Q: How large is Murtaugh Lake, what is its tributary and what is the water used for? A: Murtaugh Lake was originally called Dry Creek Reservoir. “Murtaugh Lake is roughly 700 surface acres, and the average depth when full is roughly 10 feet. So the storage capacity is roughly 7,000 acre feet,” said former Twin Falls Canal Company General Manager Brian Olmstead.



“Historically two creeks ran through what is now Murtaugh Lake on their way to the Snake River. Dry Creek is an intermittent stream that originates in the South Hills a few miles north of Bostetter Guard Station, and Cottonwood Creek is a small perennial stream.” “Prior to 1900, both streams entered the Snake River just east of the present town of Murtaugh,” Olmstead said.
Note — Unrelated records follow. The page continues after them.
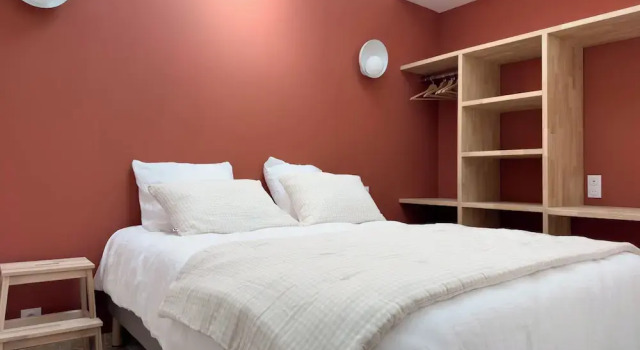 Номер Standard Дуплекс с балконом Les suites du 13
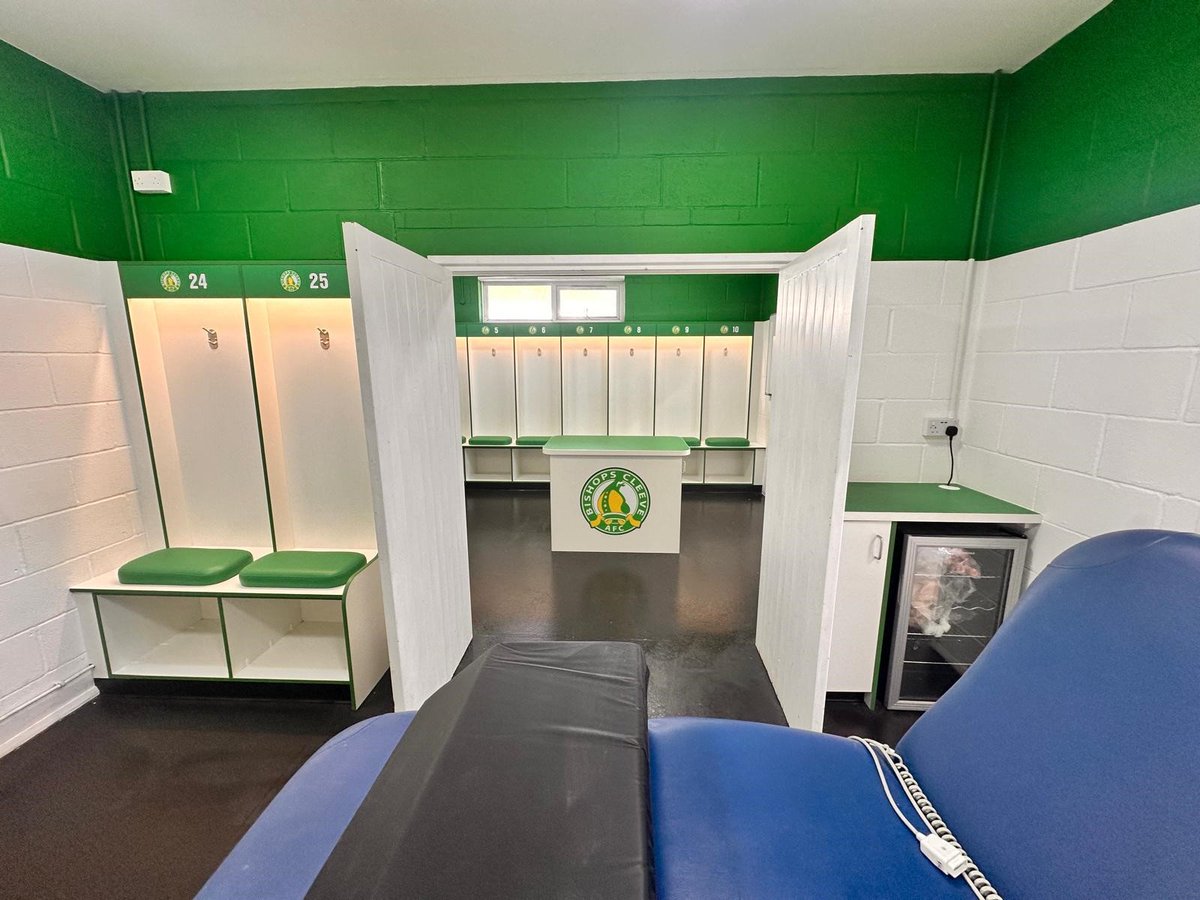 The Non-League Paper (@nonleaguepaper) on Twitter photo Did you know? A well-designed changing room can reduce clutter and improve team organisation pre-match.
<a href="/APFurn/">AP Group Sports Design & Build</a> focuses on functional layouts that help your squad get ready for victory.
#NonLeague #TeamTalk 📧 | info@apgroupltd.co.uk Did you know? A well-designed changing room can reduce clutter and improve team organisation pre-match.
<a href="/APFurn/">AP Group Sports Design & Build</a> focuses on functional layouts that help your squad get ready for victory.
#NonLeague #TeamTalk 📧 | info@apgroupltd.co.uk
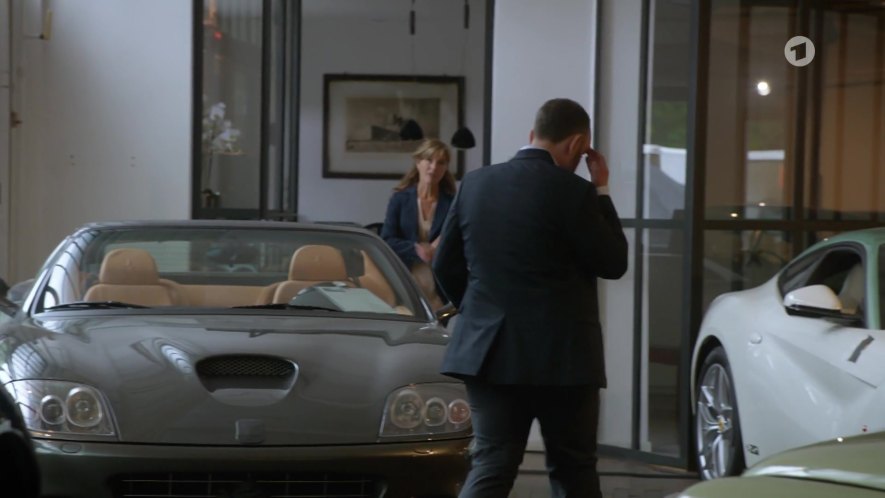 2005 Ferrari 575M Superamerica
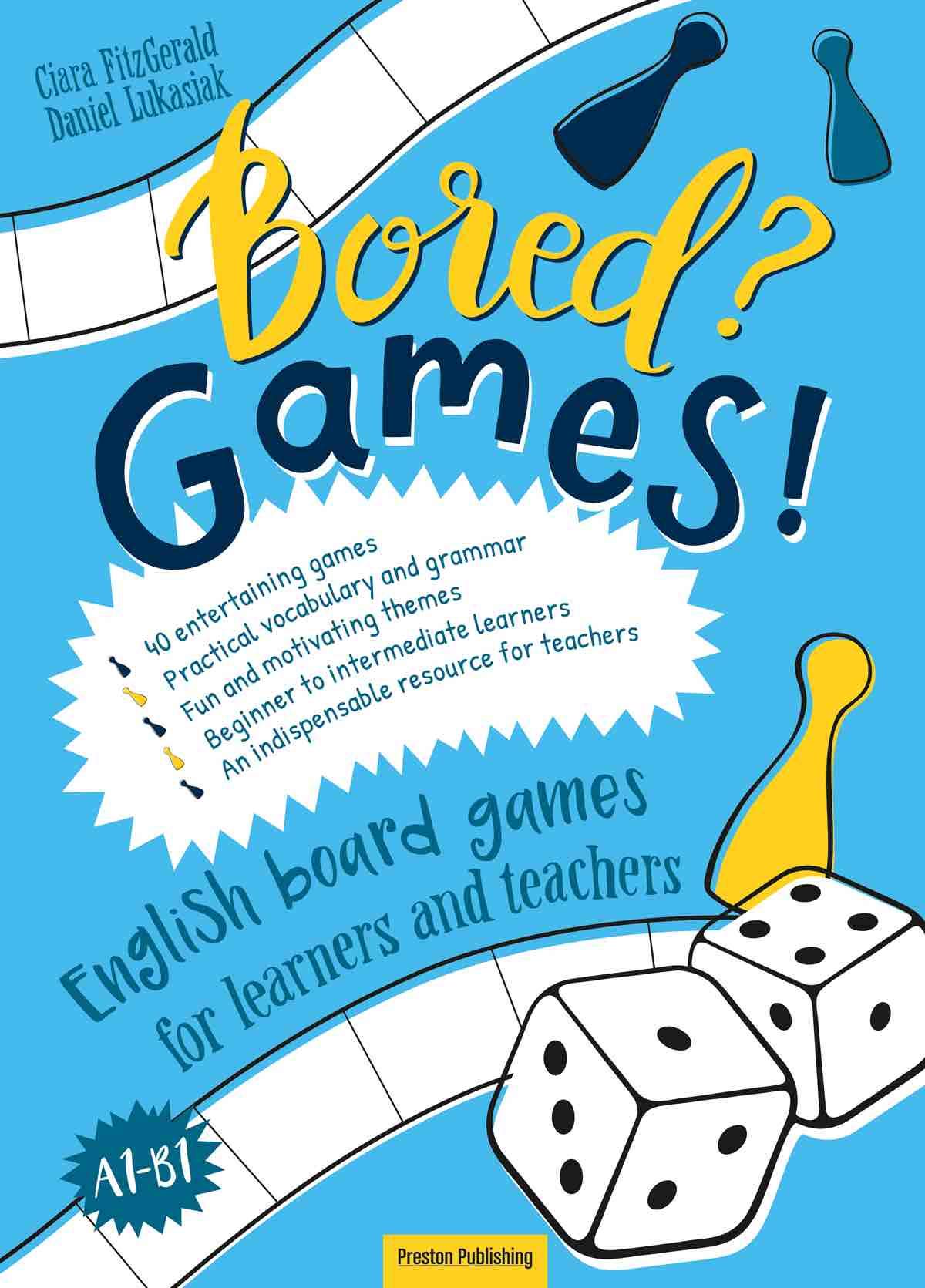 Bored? Games! A1-B1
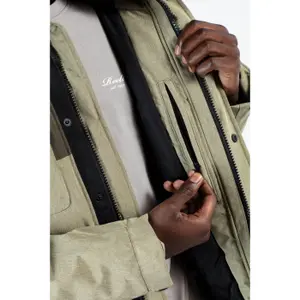 Waterproof jacket Reell Field image-3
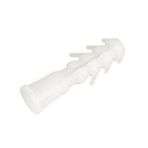 Made Plastik 6 mm 50'li Standart Dübel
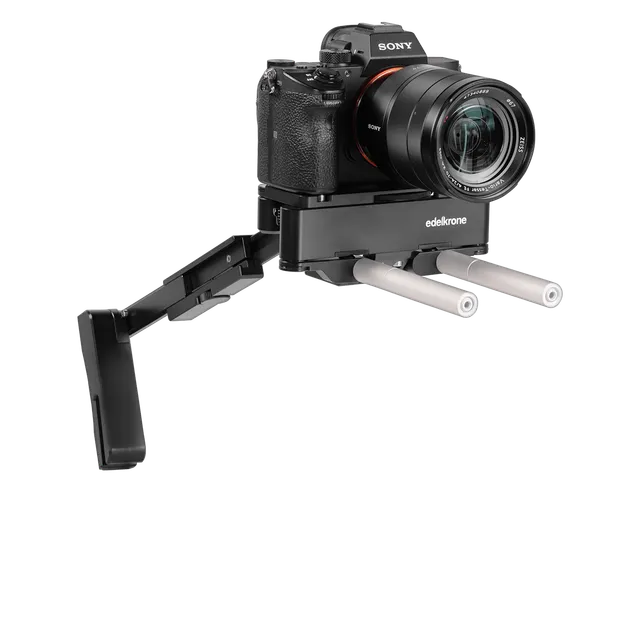 Edelkrone PocketRIG v2 rig DSLR pliable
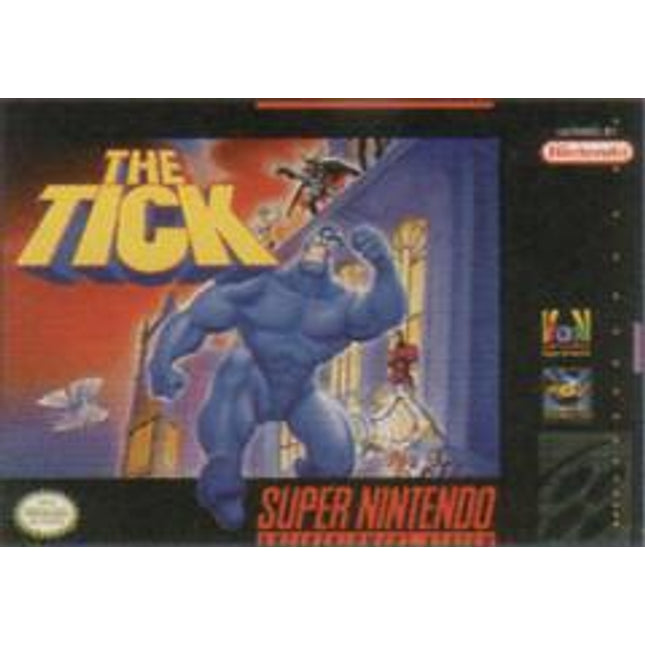 The Tick - Super Nintendo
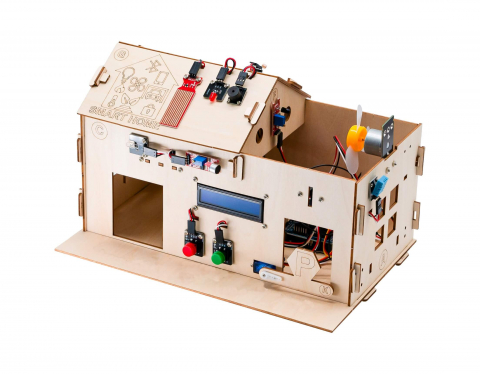Kituri Electronice - Kit Arduino Smart Home, Bitmi 10154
In the early 1900s when the Twin Falls Canal System was built, they decided to make a large dike across this intermittent channel and used the resulting Murtaugh Lake as a re-regulating reservoir for the Twin Falls system. At the time, Milner Dam was the only significant dam on the Upper Snake River, so flows were highly variable at Milner and a “buffering” reservoir was desirable for canal management purposes. Olmstead said present-day Cottonwood Creek was long ago diverted for irrigation purposes, so i.